Description of the task: Restate exactly, and only, the lines from the one with "This is how" through the end of the data, with both of those end lines kept. Drop any pictures.

Exercise data:
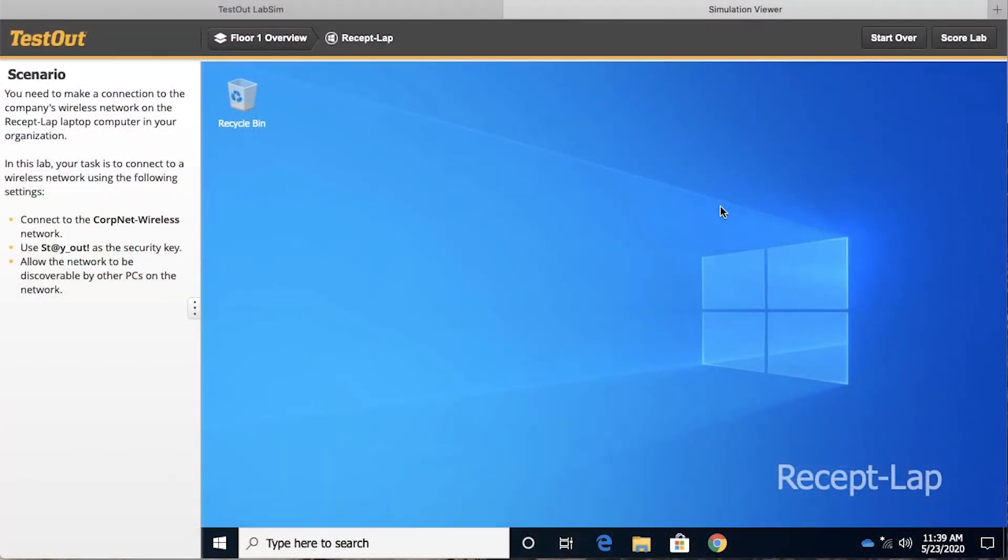In this simulation, the learner gets to engage in something that is very critical, and that is connecting a key laptop in the organization to the wireless network.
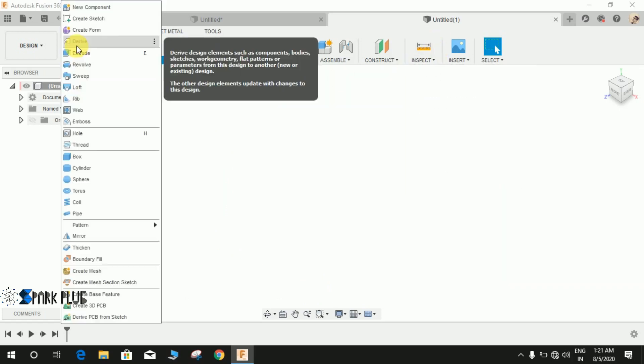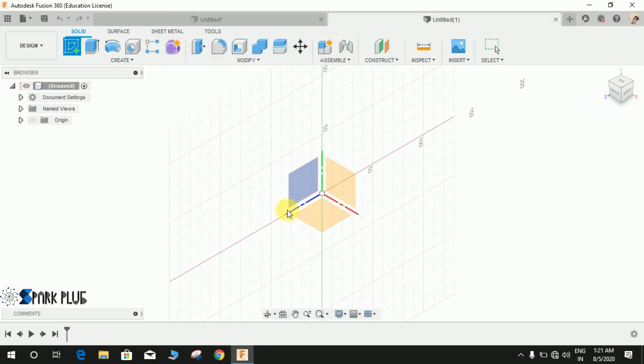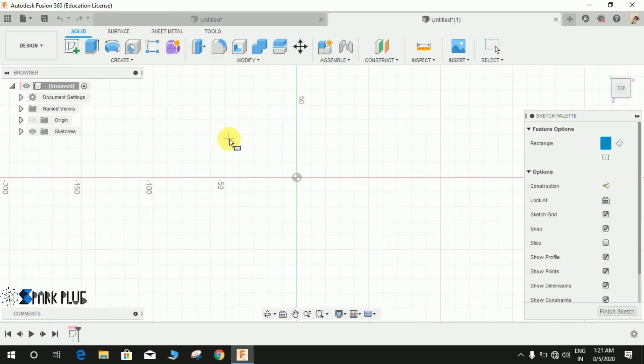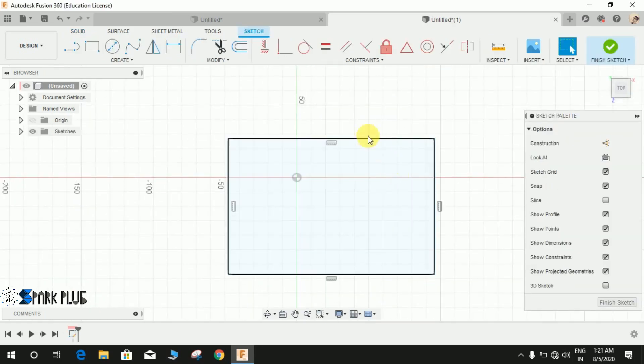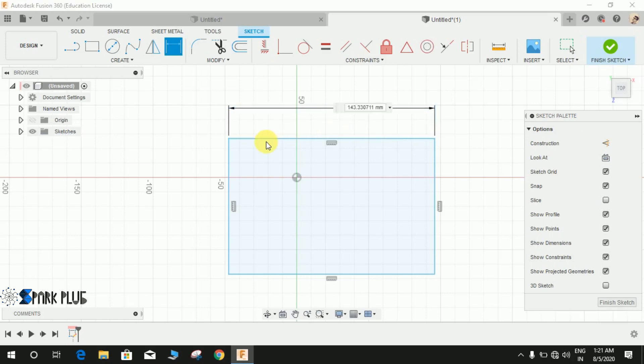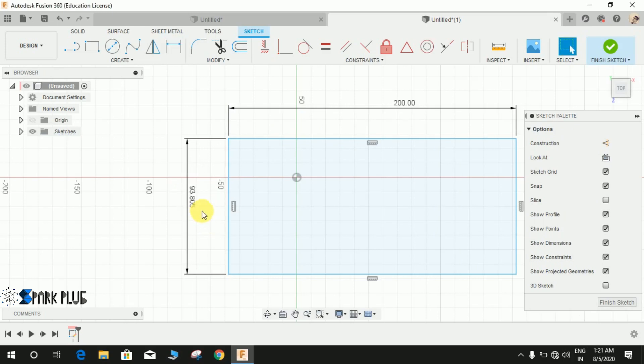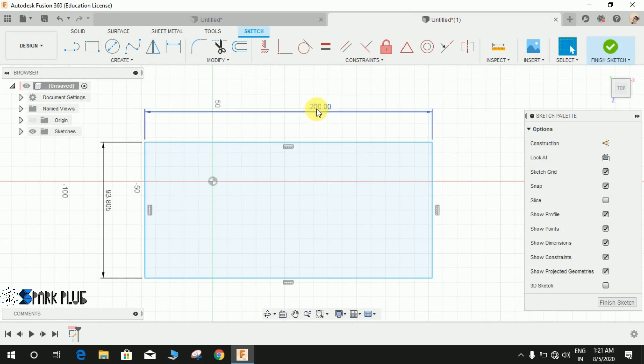So let's first go to a sketch. I will simply create a rectangle by pressing R, press 3 for dimension, give this dimension suppose 200, and we don't have to give this dimension, let it be like this only.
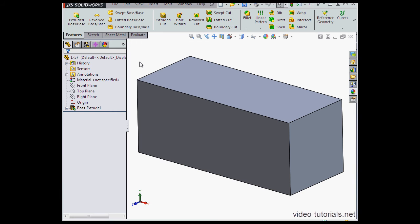Welcome back. Let's continue our work with the hole wizard. We're going to learn how to create a hole at an angle in this video tutorial.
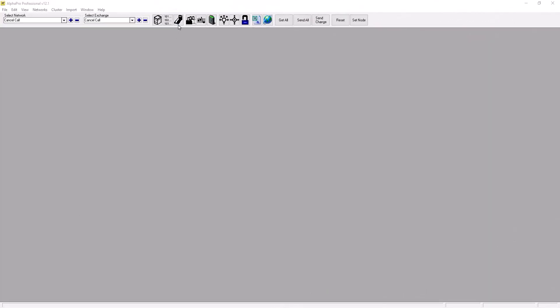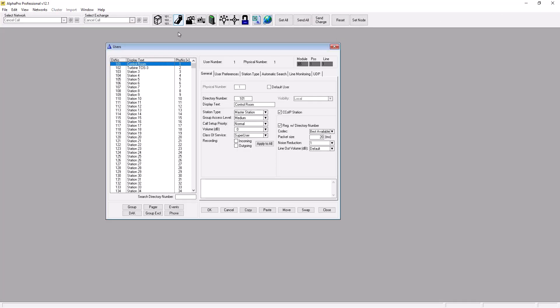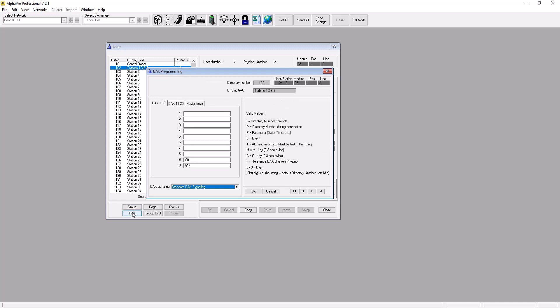First, click on the Users and Station button. Select your turbine intercom and press the Dock button. Configure the Dock key to make a call to the master station and press OK.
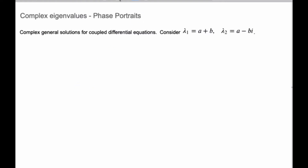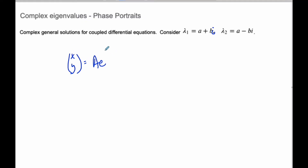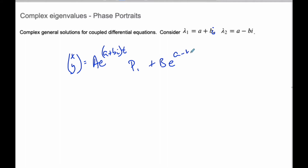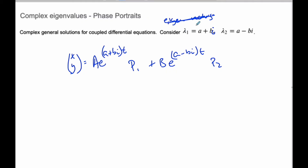Now that we've seen a few of these phase portraits, let's go to complex numbers. If we plug our complex numbers into our general solution, x-y will be a·e^((a+bi)t) times p1, plus b·e^((a-bi)t) times p2. For this course, we will never have to find the eigenvectors if our eigenvalues are complex, so we do not need to find eigenvectors for this case.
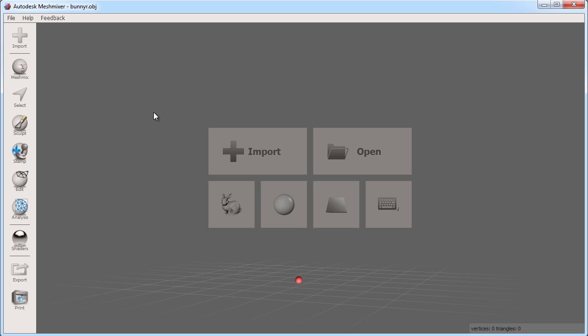In this video we will look at launching MeshMixer for the first time. We'll see the user interface and basic navigation.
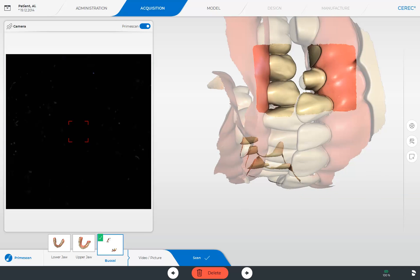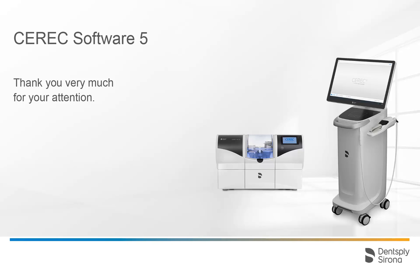After successful scanning of the default image catalogs, we can switch to the next phase — the model phase — either by tapping the arrow to the right at the lower edge of the screen or on the phase bar. Thank you very much for your attention. We would like to wish you every success when working with CEREC.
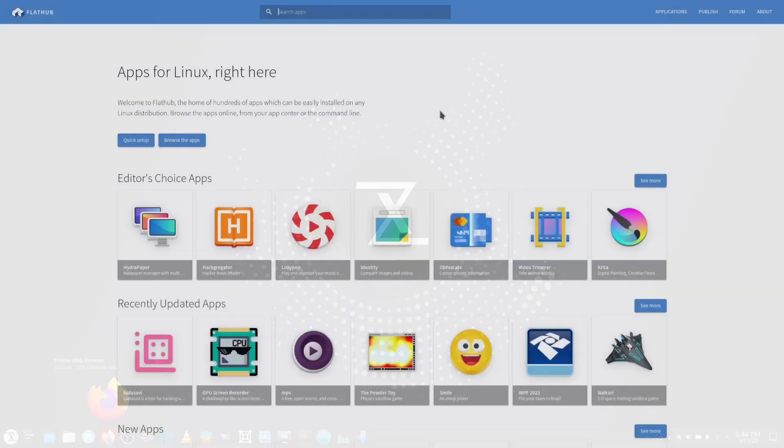What Flat Hub wants to do in and of itself is make a universal Linux app for all Linux distributions. Right now it's available I believe on over 35 right out of the box, but you can install it on any system.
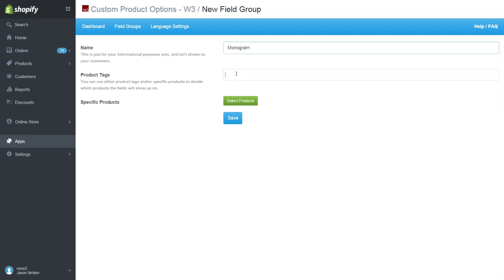Next, we need to decide what products the custom options will show up on. You can show the field group by selecting product tags or specific products. This field group will show on shirts.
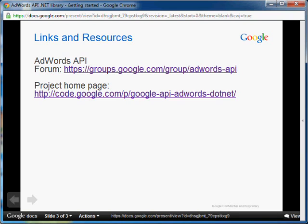If you have more questions, feel free to ask them on our forum at groups.google.com/group/adwords-api.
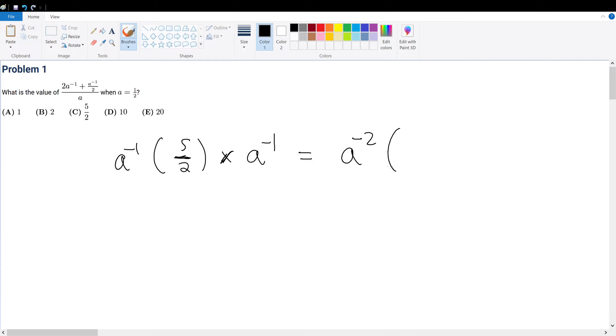So now we have basically solved the question. Because what is half to the negative 2? Well, that's no more than 4. And then that simplifies into 10, so your final answer will be answer choice D.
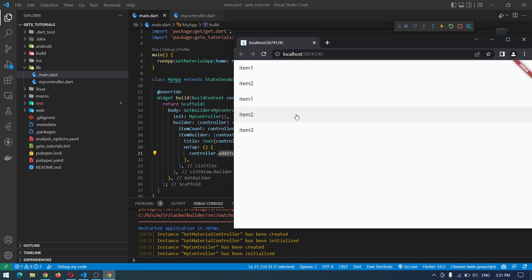This is how we can implement state management using GetX and Flutter. If you enjoyed the video, don't forget to like and subscribe to the channel so you won't miss upcoming videos where we'll discuss more about GetX and do some API implementation. Thank you for watching — I'll see you in the next video.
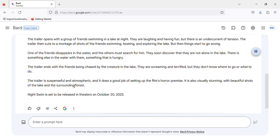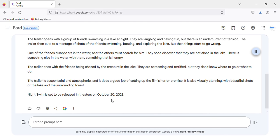The trailer is suspenseful and atmospheric, and it does a good job of setting up the film's horror premise. It is also visually stunning, with beautiful shots of the lake and the surrounding forest. Night Swim is set to be released in theatres on October 20, 2023.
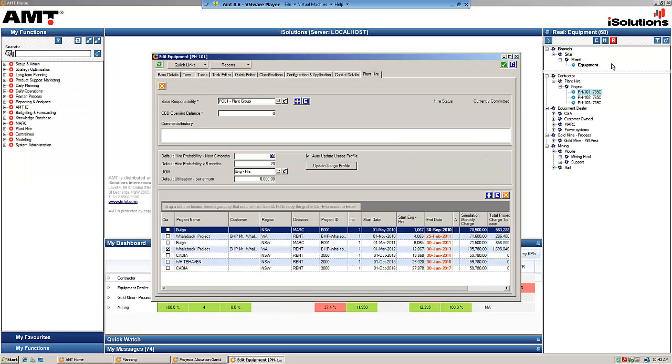Those are the steps to set up the new rental agreement. It's a fairly quick and easy process to set up a new agreement.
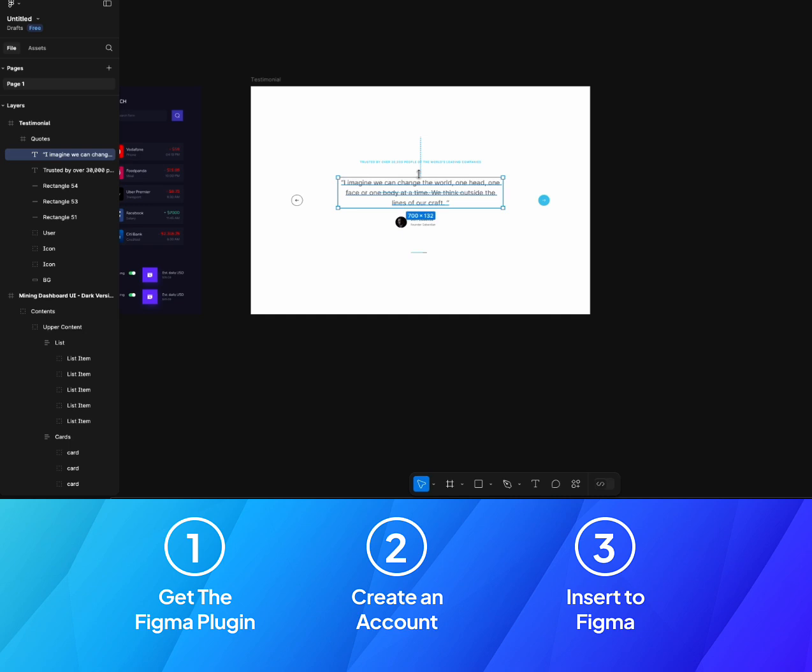We can import anything into Figma with just a single click. Whatever you see on UIDUX is available in Figma plugin as well. So thank you very much for watching, happy designing, bye bye.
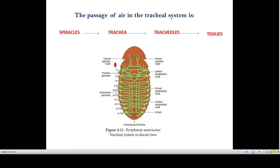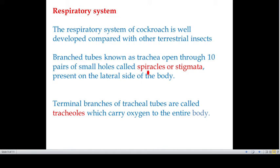In Periplaneta americana, the tracheal system consists of a dorsal longitudinal trunk, ventral cephalic trunk, thoracic spiracles, and abdominal spiracles. The passage of air in the tracheal system goes: spiracle to trachea, trachea to tissue. Branches of tubes known as trachea open through 10 pairs of small holes called spiracles or stigmata, present on the lateral side of the body.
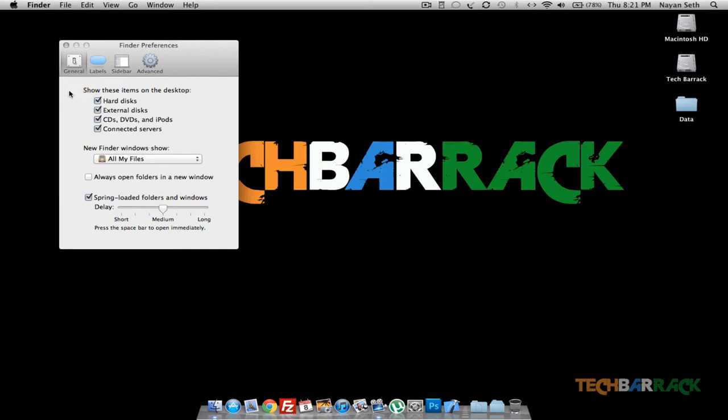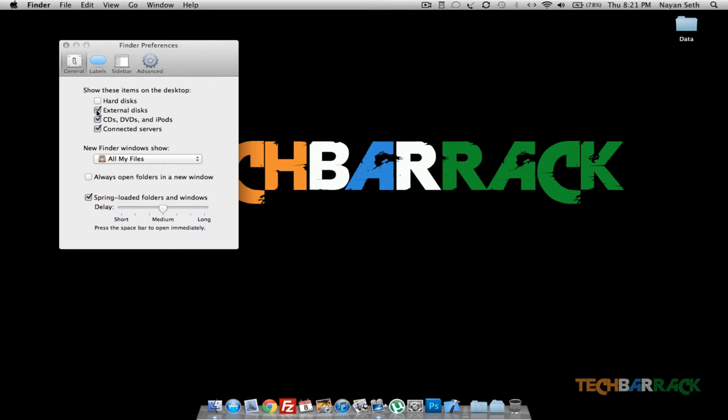If you want to hide hard disk, then just uncheck it. And if you want to hide external disk, which is basically your USBs or your 500GB hard disk, something like that, that's all external disk.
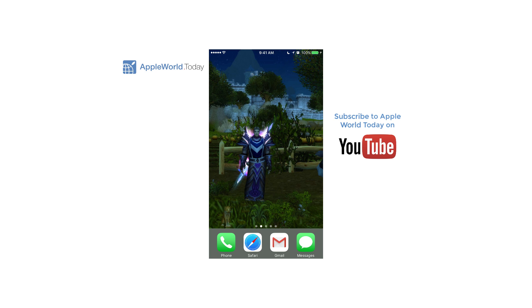Hi, I'm Marty with Apple World Today and today I'm going to show you how to quickly take a screenshot easily with one finger.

Reply to the task:
This is how we can implement state management using GetX and Flutter. If you enjoyed the video, don't forget to like and subscribe to the channel so you won't miss upcoming videos where we'll discuss more about GetX and do some API implementation. Thank you for watching — I'll see you in the next video.
The trailer is suspenseful and atmospheric, and it does a good job of setting up the film's horror premise. It is also visually stunning, with beautiful shots of the lake and the surrounding forest. Night Swim is set to be released in theatres on October 20, 2023.
Those are the steps to set up the new rental agreement. It's a fairly quick and easy process to set up a new agreement.
We can import anything into Figma with just a single click. Whatever you see on UIDUX is available in Figma plugin as well. So thank you very much for watching, happy designing, bye bye.
In Periplaneta americana, the tracheal system consists of a dorsal longitudinal trunk, ventral cephalic trunk, thoracic spiracles, and abdominal spiracles. The passage of air in the tracheal system goes: spiracle to trachea, trachea to tissue. Branches of tubes known as trachea open through 10 pairs of small holes called spiracles or stigmata, present on the lateral side of the body.
If you want to hide hard disk, then just uncheck it. And if you want to hide external disk, which is basically your USBs or your 500GB hard disk, something like that, that's all external disk.
Hi, I'm Marty with Apple World Today and today I'm going to show you how to quickly take a screenshot easily with one finger.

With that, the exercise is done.